WWF International: History

”We shan´t save all we should like to, but we shall save a great deal more than if we had never tried.” - Sir Peter Scott, one of the founders of WWF

WWF was founded in 1961. The world today is a much more dangerous place for wildlife than when WWF began its work four decades ago. More and more species are facing extinction. Almost half of the planet´s forests have been destroyed in the last 100 years – and the rate is increasing. Overfishing continues to exploit the world´s oceans. And climate change is threatening the whole planet.

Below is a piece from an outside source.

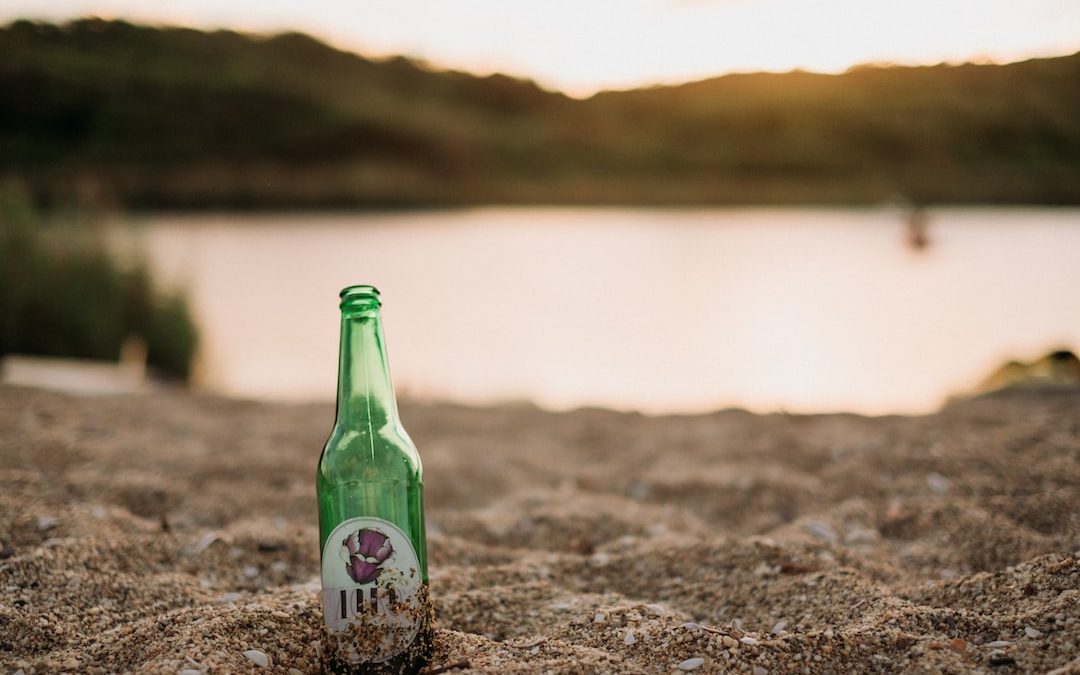 a bottle of beer on a beach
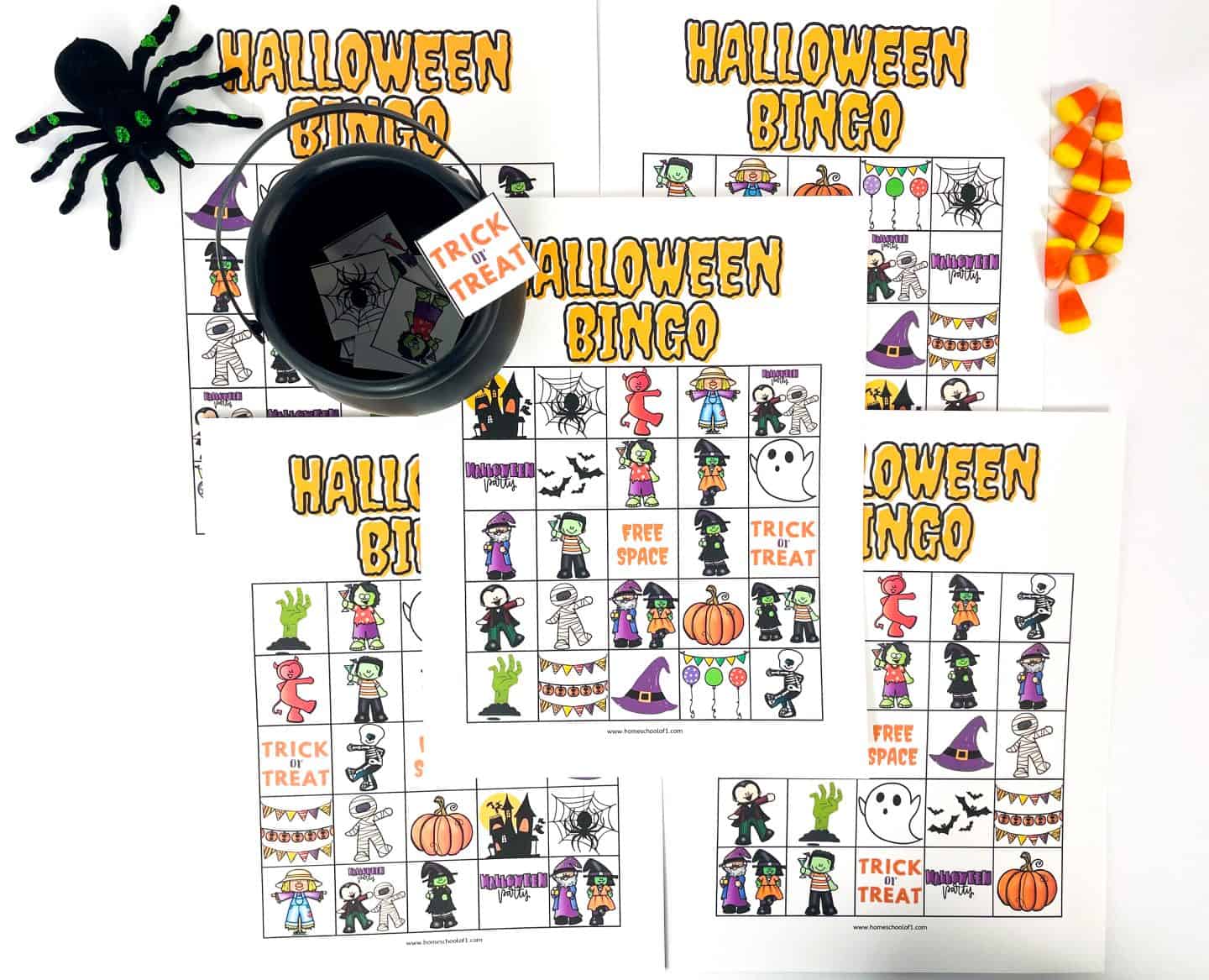 Several Halloween-themed bingo cards are spread out, each decorated with spooky icons like mummies, witches, pumpkins, ghosts, spider webs, and “Trick or Treat” squares. A black cauldron holds matching bingo tiles, with a plush spider and scattered candy corn adding to the festive Halloween vibe. The bold "Halloween Bingo" title is printed on each card.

Despite the myriad challenges, WWF has chalked up some impressive conservation achievements with the help of some five million supporters and a wide global network. Over 330 protected areas around the world and numerous conservation treaties exist today thanks to the organization´s work. During the past four decades, WWF´s original mission has become increasingly topical.

How it all began

WWF´s saga began in 1960, when eminent British biologist Sir Julian Huxley visited Africa to research a series of articles for The Observer newspaper. He discovered that many parts of Africa, which 50 years before were swarming with game, had become bare of wildlife.

The articles prompted businessman Victor Stolan to write to Julian Huxley, suggesting an international organization to raise funds for conservation of African nature. Many others had also been alerted to the problem. Among these nature lovers were British ornithologist Peter Scott, who was later to become the organization´s first chairman, and Guy Mountfort, director of a large advertising company.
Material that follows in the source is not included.